Soil pH needs improvement. They calculated 43lb of lime/ksqft. I recommend calcitic lime.

P and K are low. A balanced fertilizer will be a good option for simplicity. The soil remediation guide has products you could use to without having to do nitrogen.

Iron looks good. Spectrum does not normally test for sulfur, so we dont know that one.


----------



## Dave81NJ (Jun 7, 2018)

g-man said:


> Soil pH needs improvement. They calculated 43lb of lime/ksqft. I recommend calcitic lime.
> 
> P and K are low. A balanced fertilizer will be a good option for simplicity. The soil remediation guide has products you could use to without having to do nitrogen.
> 
> Iron looks good. Spectrum does not normally test for sulfur, so we dont know that one.


i sent my samples to 2 other labs ... Waypoint and Rutgers. They show 12 (almost Medium / normal)


----------



## Dave81NJ (Jun 7, 2018)

Soil test came back and I am low on Phosphorus and much lower on Potassium.

My 2021 Fertilizer plan for cool season grass.
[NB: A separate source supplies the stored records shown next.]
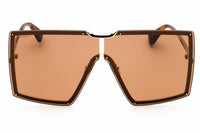 Max Mara Max Mara MM0117 Sunglasses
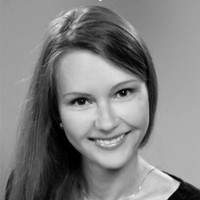 Beata Kaczmarek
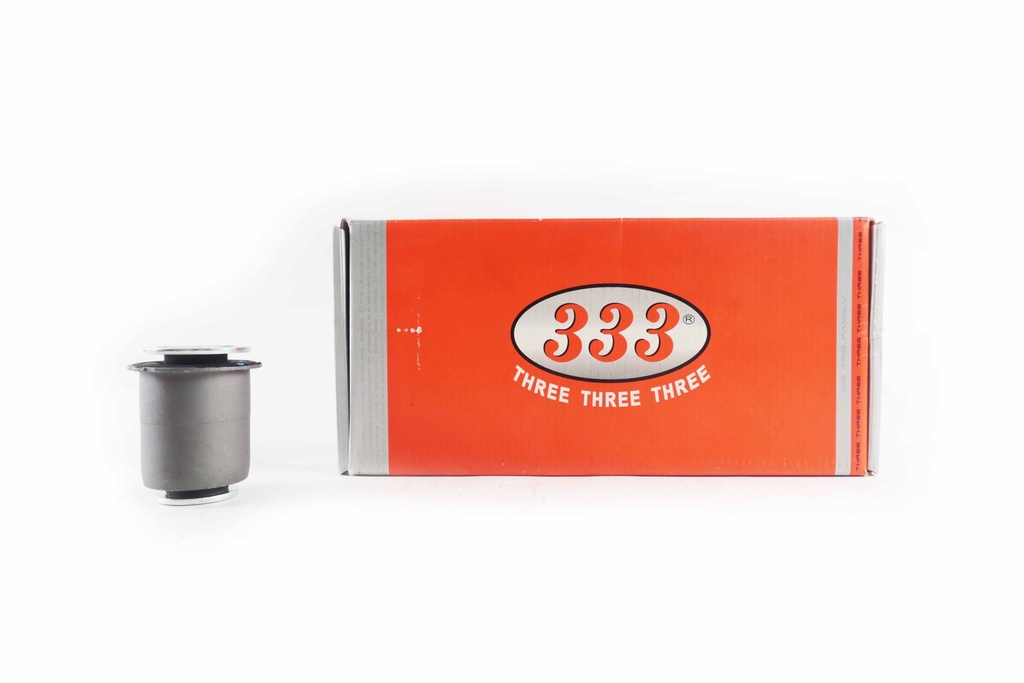 ตองสาม(333) บูชปีกนกล่าง มาสด้า NEW ฟอร์ด บีที-50 PRO 2WD, 4WD 3RB-0038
Trying to be at 3-1-2 NPK ratio. My CEC is low at 8, hence, spoon feeding approach. Tried to find specifically SOP type of Potassium, but it's not easy.
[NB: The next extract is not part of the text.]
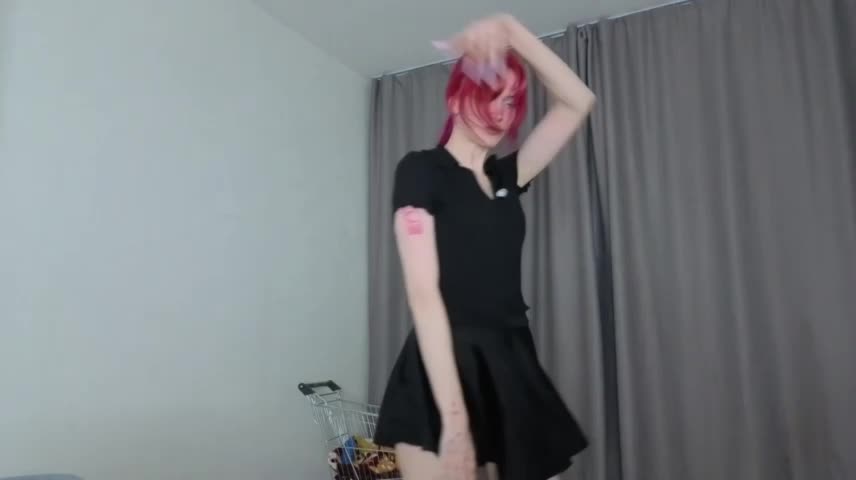 KayleneWesterberg Adult Chat October 17, 2026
Aside from these fertilizers I also add a mix of Humic acid and Kelp on a monthly basis.

Any issues you see?


soil test


----------



## Virginiagal (Apr 24, 2017)

I suggest using balanced fertilizer for 3 lb of N, P, and K and using something else for the remainder of N and K (a nitrogen only and potassium only fertilizer, if available, or a combo with no P). For spoon feeding, do a half pound every two weeks during appropriate times. Rutgers has fall as the most appropriate time, with late spring as an additional time if needed. Summer is not a good time to fertilize cool season grass.
https://njaes.rutgers.edu/fs102/
Your CEC isn't all that bad. Spoon feed if you like but it's not required. Don't forget to do the lime. I don't understand the D in 43D but there is probably a note somewhere to explain their lime recommendation. If not, call.


----------



## KoopHawk (May 28, 2019)

Virginiagal said:


> *I suggest using balanced fertilizer for 3 lb of N, P, and K *and using something else for the remainder of N and K (a nitrogen only and potassium only fertilizer, if available, or a combo with no P). For spoon feeding, do a half pound every two weeks during appropriate times. Rutgers has fall as the most appropriate time, with late spring as an additional time if needed. Summer is not a good time to fertilize cool season grass.
> https://njaes.rutgers.edu/fs102/
> Your CEC isn't all that bad. Spoon feed if you like but it's not required. Don't forget to do the lime. I don't understand the D in 43D but there is probably a note somewhere to explain their lime recommendation. If not, call.


I agree with this. Use a 10-10-10 or 14-14-14 type fertilizer for the majority. Less fertilizer during the heat of summer. I would also avoid putting down K so late in the season if you're concerned about snow mold.


----------



## Dave81NJ (Jun 7, 2018)

KoopHawk said:


> Virginiagal said:
> 
> 
> > *I suggest using balanced fertilizer for 3 lb of N, P, and K *and using something else for the remainder of N and K (a nitrogen only and potassium only fertilizer, if available, or a combo with no P). For spoon feeding, do a half pound every two weeks during appropriate times. Rutgers has fall as the most appropriate time, with late spring as an additional time if needed. Summer is not a good time to fertilize cool season grass.
> ...


Hmm ... I though all winterizer type fertilizers have high K and thus it's a winterizer? We usually don't get snow in November/ I assume you mean that one should not put down fertilizer if snow is expected. So enough time should pass for product to dissolve before snow comes?


----------



## g-man (Jun 15, 2017)

Virginiagal said:


> I don't understand the D in 43D but there is probably a note somewhere to explain their lime recommendation. If not, call.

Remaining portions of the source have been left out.